The following table describes metacharacters that can be used for regular expressions in Altibase, and their meanings.

Metacharacter

Description

.

Matches a single character, other than the newline. The punctuation character(.) of a regular expression enclosed in square brackets matches the literal dot. For example, a.c matches "abc", but [a.c] matches only "a", ".", or "c".

[]

A character class expression. Matches a single character enclosed in square brackets. For example, [abc] matches "a", "b", or "c"; [a-z] matches any alphabetic character in lowercase, from "a" to "z". The format can also be mixed: both [a-cx-z] and [abcx-z] match "a", "b", "c", "x", "y", or "z". If the right square bracket (]) is the initial character to follow a circumflex (^), it can be included in the expression enclosed in square brackets: []abc].

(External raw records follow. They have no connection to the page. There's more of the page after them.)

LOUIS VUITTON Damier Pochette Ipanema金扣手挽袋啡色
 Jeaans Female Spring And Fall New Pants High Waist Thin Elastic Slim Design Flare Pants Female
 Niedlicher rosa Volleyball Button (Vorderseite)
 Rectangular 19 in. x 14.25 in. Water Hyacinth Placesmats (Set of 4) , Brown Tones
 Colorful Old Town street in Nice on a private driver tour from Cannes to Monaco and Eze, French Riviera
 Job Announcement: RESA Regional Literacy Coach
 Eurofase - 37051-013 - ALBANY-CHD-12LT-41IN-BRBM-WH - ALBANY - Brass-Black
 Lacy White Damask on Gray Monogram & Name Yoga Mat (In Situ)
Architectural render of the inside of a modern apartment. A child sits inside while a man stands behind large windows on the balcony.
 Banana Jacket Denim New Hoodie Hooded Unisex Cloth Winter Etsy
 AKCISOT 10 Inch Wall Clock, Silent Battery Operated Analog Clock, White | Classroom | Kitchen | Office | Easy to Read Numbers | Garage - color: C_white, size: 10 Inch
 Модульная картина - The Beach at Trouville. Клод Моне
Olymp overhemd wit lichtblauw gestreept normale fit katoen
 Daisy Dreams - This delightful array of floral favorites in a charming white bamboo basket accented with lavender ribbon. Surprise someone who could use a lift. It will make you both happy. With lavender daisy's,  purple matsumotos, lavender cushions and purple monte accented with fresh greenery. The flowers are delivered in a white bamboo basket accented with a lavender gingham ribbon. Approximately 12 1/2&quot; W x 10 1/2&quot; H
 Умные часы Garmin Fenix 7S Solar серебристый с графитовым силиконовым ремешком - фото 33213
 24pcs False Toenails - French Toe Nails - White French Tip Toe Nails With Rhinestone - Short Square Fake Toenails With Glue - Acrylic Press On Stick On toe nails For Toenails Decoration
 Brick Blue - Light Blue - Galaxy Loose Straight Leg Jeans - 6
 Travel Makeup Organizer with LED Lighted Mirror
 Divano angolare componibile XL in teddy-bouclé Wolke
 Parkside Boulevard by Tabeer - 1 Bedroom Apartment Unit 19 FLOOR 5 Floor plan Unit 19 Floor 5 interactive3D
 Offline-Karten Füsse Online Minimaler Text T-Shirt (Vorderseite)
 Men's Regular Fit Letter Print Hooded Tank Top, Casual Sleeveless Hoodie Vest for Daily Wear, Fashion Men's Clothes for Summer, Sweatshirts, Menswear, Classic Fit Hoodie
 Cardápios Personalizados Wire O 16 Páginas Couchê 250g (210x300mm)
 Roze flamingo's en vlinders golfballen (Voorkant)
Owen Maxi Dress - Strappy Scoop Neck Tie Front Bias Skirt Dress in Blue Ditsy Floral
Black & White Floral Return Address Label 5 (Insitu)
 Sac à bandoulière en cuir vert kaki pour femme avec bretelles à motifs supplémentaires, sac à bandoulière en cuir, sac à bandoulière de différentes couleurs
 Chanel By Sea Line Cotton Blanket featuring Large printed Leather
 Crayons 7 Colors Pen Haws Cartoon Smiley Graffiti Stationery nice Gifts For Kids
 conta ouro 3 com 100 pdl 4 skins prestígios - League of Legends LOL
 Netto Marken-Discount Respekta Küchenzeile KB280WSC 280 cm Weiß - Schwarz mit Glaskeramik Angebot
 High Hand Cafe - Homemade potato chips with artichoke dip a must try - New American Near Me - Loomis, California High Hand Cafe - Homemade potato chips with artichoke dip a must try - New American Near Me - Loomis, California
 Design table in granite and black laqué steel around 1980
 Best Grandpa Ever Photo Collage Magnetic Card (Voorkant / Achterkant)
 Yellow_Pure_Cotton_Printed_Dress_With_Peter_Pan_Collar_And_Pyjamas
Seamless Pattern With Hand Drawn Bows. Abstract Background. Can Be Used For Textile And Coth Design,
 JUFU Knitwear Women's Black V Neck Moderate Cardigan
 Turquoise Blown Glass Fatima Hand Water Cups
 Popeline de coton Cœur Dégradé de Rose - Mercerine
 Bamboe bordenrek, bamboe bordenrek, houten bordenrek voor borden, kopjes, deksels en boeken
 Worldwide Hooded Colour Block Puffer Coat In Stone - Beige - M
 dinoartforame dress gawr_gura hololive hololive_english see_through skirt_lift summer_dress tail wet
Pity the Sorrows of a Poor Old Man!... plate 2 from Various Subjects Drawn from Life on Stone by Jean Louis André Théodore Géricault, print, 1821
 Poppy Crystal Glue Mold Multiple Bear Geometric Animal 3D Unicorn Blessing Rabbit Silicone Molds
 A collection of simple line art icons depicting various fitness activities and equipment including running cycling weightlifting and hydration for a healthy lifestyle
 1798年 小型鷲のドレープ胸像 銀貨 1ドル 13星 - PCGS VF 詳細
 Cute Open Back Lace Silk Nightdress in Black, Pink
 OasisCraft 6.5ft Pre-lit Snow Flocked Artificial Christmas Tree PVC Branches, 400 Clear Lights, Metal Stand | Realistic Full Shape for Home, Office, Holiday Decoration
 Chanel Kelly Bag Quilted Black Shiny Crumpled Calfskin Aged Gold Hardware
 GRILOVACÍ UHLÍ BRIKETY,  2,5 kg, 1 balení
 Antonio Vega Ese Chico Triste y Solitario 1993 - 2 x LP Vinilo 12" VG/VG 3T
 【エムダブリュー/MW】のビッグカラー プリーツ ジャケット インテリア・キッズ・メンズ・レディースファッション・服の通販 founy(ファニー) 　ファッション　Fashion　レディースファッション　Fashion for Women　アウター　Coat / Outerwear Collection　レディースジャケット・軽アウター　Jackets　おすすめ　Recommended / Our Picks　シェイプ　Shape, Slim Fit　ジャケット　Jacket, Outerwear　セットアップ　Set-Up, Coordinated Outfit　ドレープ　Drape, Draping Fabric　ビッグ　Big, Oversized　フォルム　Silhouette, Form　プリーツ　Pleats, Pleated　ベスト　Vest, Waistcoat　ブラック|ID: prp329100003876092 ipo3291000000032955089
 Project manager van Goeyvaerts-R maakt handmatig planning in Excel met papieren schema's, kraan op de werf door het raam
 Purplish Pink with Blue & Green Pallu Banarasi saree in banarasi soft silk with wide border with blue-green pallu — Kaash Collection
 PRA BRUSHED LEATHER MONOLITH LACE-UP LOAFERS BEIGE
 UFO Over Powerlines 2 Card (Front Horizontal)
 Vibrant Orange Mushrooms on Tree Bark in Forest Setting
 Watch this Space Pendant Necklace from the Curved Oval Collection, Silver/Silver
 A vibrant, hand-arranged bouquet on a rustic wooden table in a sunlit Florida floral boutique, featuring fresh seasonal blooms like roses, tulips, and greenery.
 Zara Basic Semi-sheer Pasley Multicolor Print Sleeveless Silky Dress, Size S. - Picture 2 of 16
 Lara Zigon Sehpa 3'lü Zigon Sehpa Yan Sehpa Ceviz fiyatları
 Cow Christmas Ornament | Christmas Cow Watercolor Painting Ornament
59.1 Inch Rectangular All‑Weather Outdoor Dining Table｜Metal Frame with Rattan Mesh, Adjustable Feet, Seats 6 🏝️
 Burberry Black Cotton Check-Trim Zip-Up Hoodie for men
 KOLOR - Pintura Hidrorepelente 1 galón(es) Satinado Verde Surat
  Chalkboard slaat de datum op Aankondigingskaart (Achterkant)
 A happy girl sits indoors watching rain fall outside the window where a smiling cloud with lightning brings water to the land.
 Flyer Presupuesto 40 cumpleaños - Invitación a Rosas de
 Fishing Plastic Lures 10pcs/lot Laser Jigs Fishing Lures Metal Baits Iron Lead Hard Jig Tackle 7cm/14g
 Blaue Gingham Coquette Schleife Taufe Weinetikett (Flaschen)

] If the circumflex (^) is the initial character enclosed in square brackets ([]), it matches any character other than those enclosed in the square brackets ([]). For example, [^abc]d matches "ed", "fd", but not "ad", "bd" and "cd". [^a-z] matches any character that does not start with an alphabetic character in lowercase.

^

Matches the beginning character of a string.

$

Matches the last character of a string or the preceding character of the last newline of a string.

*

Matches the preceding element for 0 or more times. For example, ab*c matches "ac", "abc", "abbbc", etc.; [xyz]* matches "", "x", "y", "z", "zx", "zyx", "xyzzy", etc.; (ab)* matches "", "ab", "abab", "ababab", etc.

+

Matches the preceding character for 1 or more times.

?

Matches the preceding character for 0 or 1 time.

{m,n}

Matches the preceding element for a minimum of m, and a maximum of n times. For example a{3,5} matches "aaa", "aaaa", and "aaaaa".

{m}

Matches the preceding element for m times.

{m,}

Matches the preceding element for m or more times.

|

Matches a single expression among multiple expressions.

()

Matches a subexpression. Multiple expressions can be grouped as a single complex regular expression.